How to fetch the nth highest salary from a table without using TOP and sub-query?
;with cte as(
Select salary,
row_number() over (order by salary desc) as rn
from salaries
)
select salary
from cte
where rn=@n
(or use dense_rank
in place of row_number
if you want the nth highest distinct salary amount)

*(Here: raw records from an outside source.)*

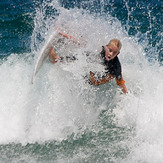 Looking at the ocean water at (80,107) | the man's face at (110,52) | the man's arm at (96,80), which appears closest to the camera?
the man's face at (110,52)

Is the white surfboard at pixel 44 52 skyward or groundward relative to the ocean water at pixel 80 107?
skyward

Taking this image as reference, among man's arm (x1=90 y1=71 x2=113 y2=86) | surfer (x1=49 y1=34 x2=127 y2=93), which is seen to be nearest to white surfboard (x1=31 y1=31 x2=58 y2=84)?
surfer (x1=49 y1=34 x2=127 y2=93)

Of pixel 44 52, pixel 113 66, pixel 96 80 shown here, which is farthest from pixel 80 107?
pixel 44 52

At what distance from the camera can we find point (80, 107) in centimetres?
508

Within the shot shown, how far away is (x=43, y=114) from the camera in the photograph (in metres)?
4.75

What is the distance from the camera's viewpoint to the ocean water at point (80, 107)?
4246 millimetres

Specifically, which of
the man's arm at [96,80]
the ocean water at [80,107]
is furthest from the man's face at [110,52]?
the man's arm at [96,80]

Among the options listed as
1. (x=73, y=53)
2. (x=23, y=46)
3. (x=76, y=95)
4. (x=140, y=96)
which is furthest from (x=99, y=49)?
(x=23, y=46)

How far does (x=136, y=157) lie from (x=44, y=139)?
6.22 ft

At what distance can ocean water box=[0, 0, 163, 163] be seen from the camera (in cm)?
425

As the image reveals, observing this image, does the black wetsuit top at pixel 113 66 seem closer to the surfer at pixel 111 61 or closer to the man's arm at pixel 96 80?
the surfer at pixel 111 61

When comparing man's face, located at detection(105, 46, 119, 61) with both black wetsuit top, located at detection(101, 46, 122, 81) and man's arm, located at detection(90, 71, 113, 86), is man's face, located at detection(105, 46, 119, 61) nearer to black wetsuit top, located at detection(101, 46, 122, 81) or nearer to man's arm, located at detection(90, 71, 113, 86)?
black wetsuit top, located at detection(101, 46, 122, 81)

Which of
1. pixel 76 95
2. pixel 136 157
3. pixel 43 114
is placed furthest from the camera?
pixel 76 95

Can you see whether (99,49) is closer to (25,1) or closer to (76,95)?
(76,95) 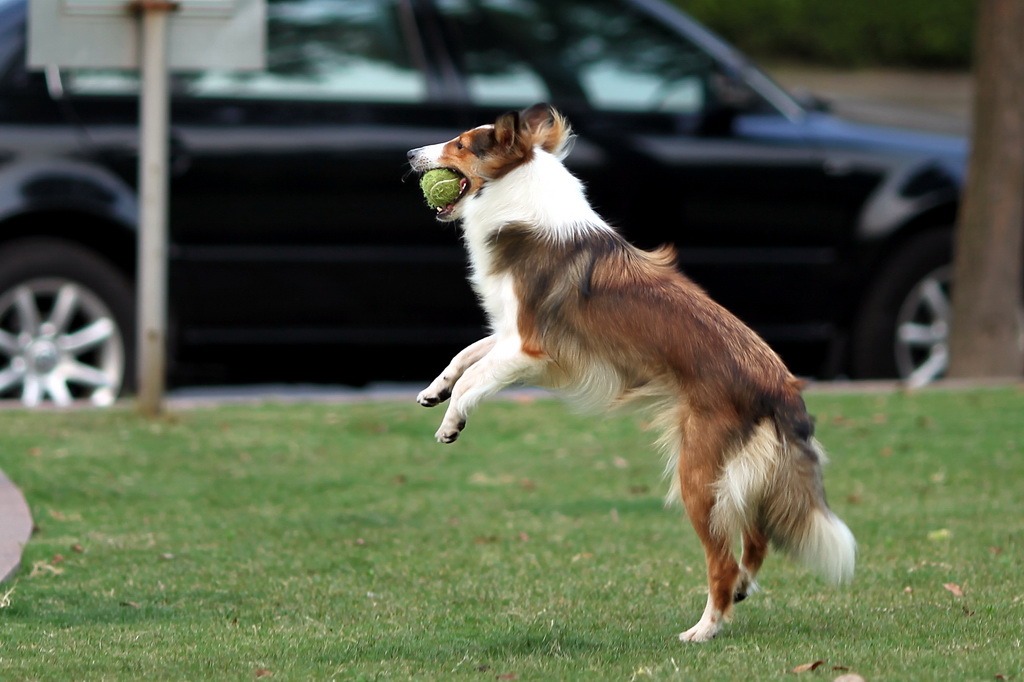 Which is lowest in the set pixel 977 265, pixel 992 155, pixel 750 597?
pixel 750 597

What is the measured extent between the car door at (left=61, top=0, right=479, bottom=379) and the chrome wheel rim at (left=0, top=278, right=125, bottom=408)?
45cm

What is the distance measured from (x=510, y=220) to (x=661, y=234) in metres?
3.82

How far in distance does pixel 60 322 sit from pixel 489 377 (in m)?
3.87

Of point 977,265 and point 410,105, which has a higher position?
point 410,105

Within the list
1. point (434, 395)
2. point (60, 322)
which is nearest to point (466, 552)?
point (434, 395)

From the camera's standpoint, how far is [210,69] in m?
7.54

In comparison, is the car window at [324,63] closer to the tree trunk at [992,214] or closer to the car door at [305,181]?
the car door at [305,181]

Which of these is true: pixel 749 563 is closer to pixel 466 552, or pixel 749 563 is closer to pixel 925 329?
pixel 466 552

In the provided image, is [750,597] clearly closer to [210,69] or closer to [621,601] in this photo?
[621,601]

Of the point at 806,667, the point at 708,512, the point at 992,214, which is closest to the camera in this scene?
the point at 806,667

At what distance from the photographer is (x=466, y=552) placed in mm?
5629

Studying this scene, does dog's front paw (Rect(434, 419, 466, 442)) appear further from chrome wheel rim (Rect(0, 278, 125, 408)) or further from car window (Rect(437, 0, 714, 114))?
car window (Rect(437, 0, 714, 114))

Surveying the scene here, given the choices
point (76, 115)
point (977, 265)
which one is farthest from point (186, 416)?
point (977, 265)

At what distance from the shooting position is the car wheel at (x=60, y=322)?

Try a CTE - Common Table Expression:
WITH Salaries AS
(
SELECT
SalaryAmount, ROW_NUMBER() OVER(ORDER BY SalaryAmount DESC) AS 'RowNum'
FROM
dbo.SalaryTable
)
SELECT
SalaryAmount
FROM
Salaries
WHERE
RowNum <= 5
This gets the top 5 salaries in descending order - you can play with the RowNumn
value and basically retrieve any slice from the list of salaries.
There are other ranking functions available in SQL Server that can be used, too - e.g. there's NTILE
which will split your results into n groups of equal size (as closely as possible), so you could e.g. create 10 groups like this:
WITH Salaries AS
(
SELECT
SalaryAmount, NTILE(10) OVER(ORDER BY SalaryAmount DESC) AS 'NTile'
FROM
dbo.SalaryTable
)
SELECT
SalaryAmount
FROM
Salaries
WHERE
NTile = 1
This will split your salaries into 10 groups of equal size - and the one with NTile=1
is the "TOP 10%" group of salaries.
Select *
From Employee E1
Where
N = (Select Count(Distinct(E2.Salary)) From Employee E2 Where E2.Salary >= E1.Salary)